# [SUPPLIED MATERIAL]
⁂

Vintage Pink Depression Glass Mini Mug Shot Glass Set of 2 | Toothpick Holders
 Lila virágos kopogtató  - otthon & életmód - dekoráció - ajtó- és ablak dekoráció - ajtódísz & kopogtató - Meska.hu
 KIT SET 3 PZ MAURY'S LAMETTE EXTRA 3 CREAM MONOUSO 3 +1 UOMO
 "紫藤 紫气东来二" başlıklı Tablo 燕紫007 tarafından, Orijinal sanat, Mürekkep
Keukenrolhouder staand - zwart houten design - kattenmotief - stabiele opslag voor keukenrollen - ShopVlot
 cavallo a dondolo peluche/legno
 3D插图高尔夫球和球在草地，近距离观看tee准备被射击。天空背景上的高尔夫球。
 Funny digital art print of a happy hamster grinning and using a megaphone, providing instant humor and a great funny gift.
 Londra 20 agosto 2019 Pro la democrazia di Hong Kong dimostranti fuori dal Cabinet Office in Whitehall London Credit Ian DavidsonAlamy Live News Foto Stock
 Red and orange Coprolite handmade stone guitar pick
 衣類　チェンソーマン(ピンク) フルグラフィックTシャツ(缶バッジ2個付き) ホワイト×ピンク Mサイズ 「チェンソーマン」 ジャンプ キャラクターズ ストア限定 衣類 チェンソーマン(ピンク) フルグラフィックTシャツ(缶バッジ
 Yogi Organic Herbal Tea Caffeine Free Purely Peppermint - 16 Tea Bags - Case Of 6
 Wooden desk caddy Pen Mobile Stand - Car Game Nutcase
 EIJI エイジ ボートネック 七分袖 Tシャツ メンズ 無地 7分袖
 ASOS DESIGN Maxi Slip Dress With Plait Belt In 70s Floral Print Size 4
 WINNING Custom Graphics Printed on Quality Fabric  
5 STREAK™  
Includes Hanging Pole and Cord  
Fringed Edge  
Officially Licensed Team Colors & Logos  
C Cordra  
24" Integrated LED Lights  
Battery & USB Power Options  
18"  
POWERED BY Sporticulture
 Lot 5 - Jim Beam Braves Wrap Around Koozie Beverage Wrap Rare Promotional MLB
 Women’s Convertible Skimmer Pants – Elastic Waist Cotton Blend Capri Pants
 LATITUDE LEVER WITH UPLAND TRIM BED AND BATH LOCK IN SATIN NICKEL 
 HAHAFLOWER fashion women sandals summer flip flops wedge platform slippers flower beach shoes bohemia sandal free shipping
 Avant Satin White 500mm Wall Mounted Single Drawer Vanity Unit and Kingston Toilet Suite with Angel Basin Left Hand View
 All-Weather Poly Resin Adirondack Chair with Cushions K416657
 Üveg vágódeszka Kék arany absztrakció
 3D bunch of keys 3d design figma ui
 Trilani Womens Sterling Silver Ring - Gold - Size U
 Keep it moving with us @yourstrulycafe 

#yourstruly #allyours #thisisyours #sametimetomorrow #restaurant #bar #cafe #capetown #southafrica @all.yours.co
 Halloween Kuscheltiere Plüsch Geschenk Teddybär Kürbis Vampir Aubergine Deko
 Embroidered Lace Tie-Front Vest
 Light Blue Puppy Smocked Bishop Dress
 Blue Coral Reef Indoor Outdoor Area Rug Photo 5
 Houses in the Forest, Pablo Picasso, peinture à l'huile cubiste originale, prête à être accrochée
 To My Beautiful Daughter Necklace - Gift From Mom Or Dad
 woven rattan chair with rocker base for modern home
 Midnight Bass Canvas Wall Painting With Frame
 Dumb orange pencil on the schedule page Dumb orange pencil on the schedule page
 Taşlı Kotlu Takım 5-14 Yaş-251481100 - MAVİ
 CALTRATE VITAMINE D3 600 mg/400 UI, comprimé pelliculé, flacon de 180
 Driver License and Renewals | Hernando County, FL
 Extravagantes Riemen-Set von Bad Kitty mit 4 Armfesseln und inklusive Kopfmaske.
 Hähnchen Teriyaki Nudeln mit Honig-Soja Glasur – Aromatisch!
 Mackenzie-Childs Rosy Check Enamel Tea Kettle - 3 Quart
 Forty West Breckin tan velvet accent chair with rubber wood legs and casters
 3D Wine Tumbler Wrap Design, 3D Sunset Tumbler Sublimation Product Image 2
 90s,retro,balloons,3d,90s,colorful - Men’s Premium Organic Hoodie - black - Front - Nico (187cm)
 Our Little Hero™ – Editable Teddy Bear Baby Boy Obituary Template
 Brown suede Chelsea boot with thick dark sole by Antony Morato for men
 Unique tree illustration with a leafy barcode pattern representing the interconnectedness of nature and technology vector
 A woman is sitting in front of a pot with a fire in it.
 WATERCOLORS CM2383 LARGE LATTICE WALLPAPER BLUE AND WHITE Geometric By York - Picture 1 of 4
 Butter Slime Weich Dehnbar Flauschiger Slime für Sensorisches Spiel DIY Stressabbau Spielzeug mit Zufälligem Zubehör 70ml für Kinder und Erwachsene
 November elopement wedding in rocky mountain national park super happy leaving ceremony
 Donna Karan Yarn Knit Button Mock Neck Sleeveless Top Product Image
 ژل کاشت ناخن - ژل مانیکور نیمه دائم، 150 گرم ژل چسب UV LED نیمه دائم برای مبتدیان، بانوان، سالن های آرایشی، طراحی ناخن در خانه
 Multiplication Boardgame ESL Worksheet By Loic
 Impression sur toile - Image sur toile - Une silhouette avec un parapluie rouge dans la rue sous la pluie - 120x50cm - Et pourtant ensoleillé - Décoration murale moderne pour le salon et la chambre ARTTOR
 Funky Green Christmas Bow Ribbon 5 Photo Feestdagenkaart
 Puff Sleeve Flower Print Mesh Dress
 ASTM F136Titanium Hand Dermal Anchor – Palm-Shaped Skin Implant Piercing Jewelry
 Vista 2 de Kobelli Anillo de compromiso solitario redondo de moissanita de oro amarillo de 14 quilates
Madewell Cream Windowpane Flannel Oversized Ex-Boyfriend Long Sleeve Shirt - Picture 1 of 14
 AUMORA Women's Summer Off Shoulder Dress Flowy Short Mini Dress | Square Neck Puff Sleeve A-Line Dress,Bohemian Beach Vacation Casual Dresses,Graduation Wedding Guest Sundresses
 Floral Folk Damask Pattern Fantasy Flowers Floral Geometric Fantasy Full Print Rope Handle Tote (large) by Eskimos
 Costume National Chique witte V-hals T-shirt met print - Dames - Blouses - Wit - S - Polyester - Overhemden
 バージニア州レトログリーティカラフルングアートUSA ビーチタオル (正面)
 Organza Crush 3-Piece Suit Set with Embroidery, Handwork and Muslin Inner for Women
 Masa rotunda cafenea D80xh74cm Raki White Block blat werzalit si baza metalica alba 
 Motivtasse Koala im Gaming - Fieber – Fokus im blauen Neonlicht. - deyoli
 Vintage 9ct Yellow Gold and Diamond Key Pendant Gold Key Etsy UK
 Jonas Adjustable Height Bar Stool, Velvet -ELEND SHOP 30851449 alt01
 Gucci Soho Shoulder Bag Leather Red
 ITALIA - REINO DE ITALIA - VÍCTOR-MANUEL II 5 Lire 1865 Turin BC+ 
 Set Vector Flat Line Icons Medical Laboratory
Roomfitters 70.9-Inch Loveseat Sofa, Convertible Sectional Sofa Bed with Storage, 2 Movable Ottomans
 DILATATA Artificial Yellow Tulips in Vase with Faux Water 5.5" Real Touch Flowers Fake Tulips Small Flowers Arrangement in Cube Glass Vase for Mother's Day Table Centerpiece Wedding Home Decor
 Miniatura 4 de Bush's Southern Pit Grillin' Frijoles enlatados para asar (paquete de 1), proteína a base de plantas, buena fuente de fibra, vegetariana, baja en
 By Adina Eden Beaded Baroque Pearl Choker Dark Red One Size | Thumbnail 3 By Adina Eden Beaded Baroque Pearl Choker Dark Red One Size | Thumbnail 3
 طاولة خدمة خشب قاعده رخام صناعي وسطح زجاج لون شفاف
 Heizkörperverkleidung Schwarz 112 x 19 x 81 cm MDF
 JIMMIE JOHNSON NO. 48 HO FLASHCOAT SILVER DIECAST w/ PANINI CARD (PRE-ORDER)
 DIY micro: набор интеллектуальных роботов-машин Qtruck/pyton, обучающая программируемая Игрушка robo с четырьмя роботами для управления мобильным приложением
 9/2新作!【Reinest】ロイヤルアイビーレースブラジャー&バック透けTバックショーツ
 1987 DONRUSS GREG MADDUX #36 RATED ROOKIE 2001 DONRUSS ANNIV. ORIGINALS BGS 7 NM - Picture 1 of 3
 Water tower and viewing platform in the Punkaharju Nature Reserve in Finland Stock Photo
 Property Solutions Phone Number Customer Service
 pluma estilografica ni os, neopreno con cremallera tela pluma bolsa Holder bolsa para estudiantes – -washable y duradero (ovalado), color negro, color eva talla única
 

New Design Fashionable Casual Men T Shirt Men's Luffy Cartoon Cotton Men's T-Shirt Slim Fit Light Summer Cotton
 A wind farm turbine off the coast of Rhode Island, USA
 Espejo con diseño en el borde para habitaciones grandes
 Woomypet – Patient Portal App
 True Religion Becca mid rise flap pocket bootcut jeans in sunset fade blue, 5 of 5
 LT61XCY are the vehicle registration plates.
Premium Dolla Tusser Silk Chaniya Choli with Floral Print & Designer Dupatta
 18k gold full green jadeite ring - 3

⁂

# [WHAT NEEDS TO BE DONE]
State how many lines of the listing hold the string "Casual"; reply with the number and nothing else.

# [RESULT]
2